Column compress values from statistics

Short teaser:

Get multi value compression out of column statistics for free

Cover Image:

Besides collecting statistics on your columns on your Teradata database, the compressing of the data to save disk space is a very important maintaining task. So why not connect these two tasks? The idea is to extract the values for the multi value compression of the columns out of the collected statistics.

The idea

Starting with Teradata V14 the "SHOW STATISTICS VALUES COLUMN col ON db.tab; " prints out as a text (optionally as XML) the results of the last collection of statistics in detail.
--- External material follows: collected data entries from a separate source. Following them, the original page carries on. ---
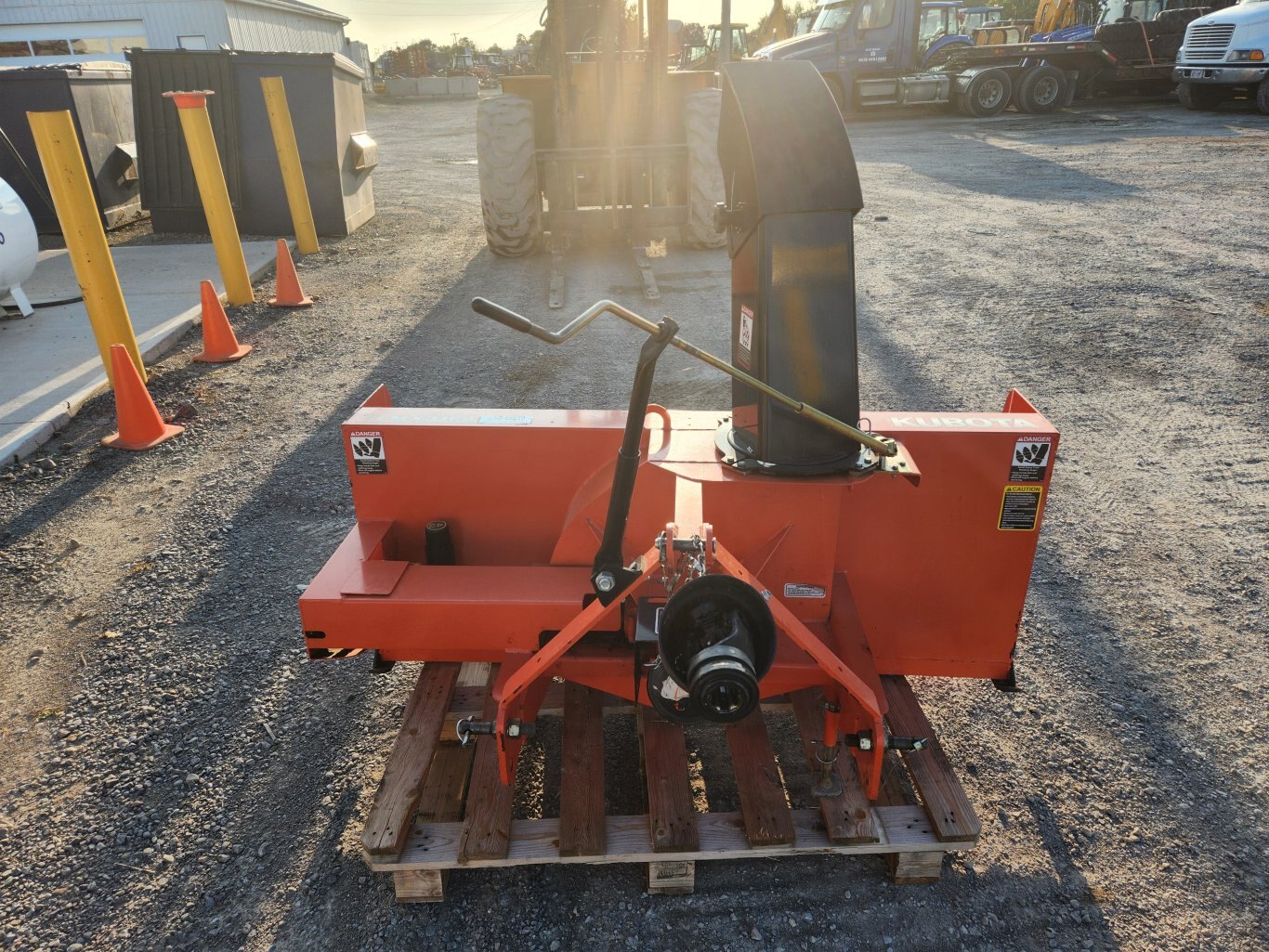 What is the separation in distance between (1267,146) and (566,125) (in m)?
11.7

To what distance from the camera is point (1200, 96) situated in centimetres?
1797

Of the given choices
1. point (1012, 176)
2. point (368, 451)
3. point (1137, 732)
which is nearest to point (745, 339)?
point (368, 451)

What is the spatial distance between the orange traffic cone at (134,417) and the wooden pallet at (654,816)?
3.46 m

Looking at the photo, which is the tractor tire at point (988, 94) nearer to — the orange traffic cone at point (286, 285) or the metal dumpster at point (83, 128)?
the metal dumpster at point (83, 128)

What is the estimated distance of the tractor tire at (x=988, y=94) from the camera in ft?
61.6

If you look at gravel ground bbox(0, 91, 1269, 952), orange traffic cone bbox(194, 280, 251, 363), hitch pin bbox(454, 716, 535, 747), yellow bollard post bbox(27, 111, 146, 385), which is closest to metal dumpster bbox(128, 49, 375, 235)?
gravel ground bbox(0, 91, 1269, 952)

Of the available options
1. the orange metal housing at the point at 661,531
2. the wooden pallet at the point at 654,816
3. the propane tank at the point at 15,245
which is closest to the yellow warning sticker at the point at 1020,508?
the orange metal housing at the point at 661,531

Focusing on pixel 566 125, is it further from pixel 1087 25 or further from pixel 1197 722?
pixel 1087 25

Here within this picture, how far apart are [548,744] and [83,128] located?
1021 centimetres

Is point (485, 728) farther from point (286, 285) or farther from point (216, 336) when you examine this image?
point (286, 285)

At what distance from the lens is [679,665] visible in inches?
73.9

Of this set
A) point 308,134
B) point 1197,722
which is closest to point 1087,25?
point 308,134

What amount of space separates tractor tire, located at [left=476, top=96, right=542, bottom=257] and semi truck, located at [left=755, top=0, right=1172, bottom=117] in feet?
39.9

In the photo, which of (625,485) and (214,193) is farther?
(214,193) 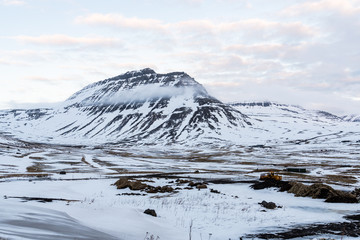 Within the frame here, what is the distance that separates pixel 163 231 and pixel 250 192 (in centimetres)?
2231

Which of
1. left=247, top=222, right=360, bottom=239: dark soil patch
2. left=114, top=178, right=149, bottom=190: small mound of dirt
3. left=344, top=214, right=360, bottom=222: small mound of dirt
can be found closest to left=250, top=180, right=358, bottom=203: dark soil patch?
left=344, top=214, right=360, bottom=222: small mound of dirt

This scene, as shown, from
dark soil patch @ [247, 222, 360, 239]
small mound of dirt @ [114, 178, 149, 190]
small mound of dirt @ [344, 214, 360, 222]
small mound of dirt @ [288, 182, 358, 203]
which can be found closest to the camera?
dark soil patch @ [247, 222, 360, 239]

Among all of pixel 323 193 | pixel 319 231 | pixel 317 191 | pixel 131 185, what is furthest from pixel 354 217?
pixel 131 185

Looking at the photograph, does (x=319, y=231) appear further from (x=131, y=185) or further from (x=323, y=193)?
(x=131, y=185)

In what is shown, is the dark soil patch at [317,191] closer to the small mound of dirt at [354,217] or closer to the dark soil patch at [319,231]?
the small mound of dirt at [354,217]

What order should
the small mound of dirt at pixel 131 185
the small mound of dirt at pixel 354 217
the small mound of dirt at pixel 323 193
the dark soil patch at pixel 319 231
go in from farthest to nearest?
the small mound of dirt at pixel 131 185, the small mound of dirt at pixel 323 193, the small mound of dirt at pixel 354 217, the dark soil patch at pixel 319 231

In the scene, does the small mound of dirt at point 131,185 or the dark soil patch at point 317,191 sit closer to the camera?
the dark soil patch at point 317,191

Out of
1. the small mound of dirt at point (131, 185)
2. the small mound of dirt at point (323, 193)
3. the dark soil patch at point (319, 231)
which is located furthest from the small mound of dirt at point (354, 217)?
the small mound of dirt at point (131, 185)

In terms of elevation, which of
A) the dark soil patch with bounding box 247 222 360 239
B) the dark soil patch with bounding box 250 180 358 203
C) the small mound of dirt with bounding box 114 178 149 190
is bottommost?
the small mound of dirt with bounding box 114 178 149 190

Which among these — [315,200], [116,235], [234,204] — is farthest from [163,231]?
[315,200]

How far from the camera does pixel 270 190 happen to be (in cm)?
3388

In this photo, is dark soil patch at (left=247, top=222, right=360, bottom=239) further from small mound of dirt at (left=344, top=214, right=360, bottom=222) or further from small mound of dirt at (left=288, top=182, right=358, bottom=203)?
small mound of dirt at (left=288, top=182, right=358, bottom=203)

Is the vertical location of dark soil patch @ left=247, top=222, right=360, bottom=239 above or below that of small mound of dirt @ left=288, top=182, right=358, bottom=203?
above

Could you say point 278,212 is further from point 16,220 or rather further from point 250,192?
point 16,220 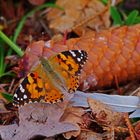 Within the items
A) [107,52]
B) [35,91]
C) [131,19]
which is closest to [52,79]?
[35,91]

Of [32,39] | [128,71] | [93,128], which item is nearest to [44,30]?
[32,39]

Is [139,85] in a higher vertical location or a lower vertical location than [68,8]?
lower

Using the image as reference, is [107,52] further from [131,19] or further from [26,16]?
[26,16]

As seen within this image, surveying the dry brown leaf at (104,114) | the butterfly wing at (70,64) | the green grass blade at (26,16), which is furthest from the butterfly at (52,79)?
the green grass blade at (26,16)

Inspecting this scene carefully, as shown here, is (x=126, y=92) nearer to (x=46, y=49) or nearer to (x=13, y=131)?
(x=46, y=49)

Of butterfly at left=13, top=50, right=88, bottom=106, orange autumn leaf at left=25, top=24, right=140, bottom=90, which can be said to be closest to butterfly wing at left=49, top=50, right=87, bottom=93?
butterfly at left=13, top=50, right=88, bottom=106

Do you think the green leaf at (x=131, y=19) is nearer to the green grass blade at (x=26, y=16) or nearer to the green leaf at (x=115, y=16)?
the green leaf at (x=115, y=16)

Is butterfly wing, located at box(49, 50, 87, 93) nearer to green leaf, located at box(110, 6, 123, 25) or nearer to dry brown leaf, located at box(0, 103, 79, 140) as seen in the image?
dry brown leaf, located at box(0, 103, 79, 140)
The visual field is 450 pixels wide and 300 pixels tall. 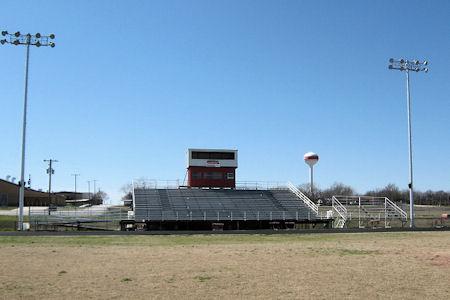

The output in text form is exactly the command to insert the results of the collection back into the database. The command prints a lot of lines. The following are interesting for the algorithm:

...

/* NumOfNulls */ 20,
...

/* NumOfRows */ 3180,
...

/** Biased: Value, Frequency **/
/* 1 */ 'N', 3147,
/* 2 */ 'Y', 13
...

Specially the biased values block show the values of the column, which are very often in the data. And these values can be taken for compressing of the column.

The column for compression has to have the following requirements:

Statistic has to be representative and actual, but could be sampled
Column is not allowed to be part of index or partition
The statistics values must have the correct length
It is not allowed to have statistics on the column

In Teradata 14 all statistics values are limited to 26 characters. To get the not trimmed values you have to use the "USING MAXVALUELENGTH" clause during the collect statistics command.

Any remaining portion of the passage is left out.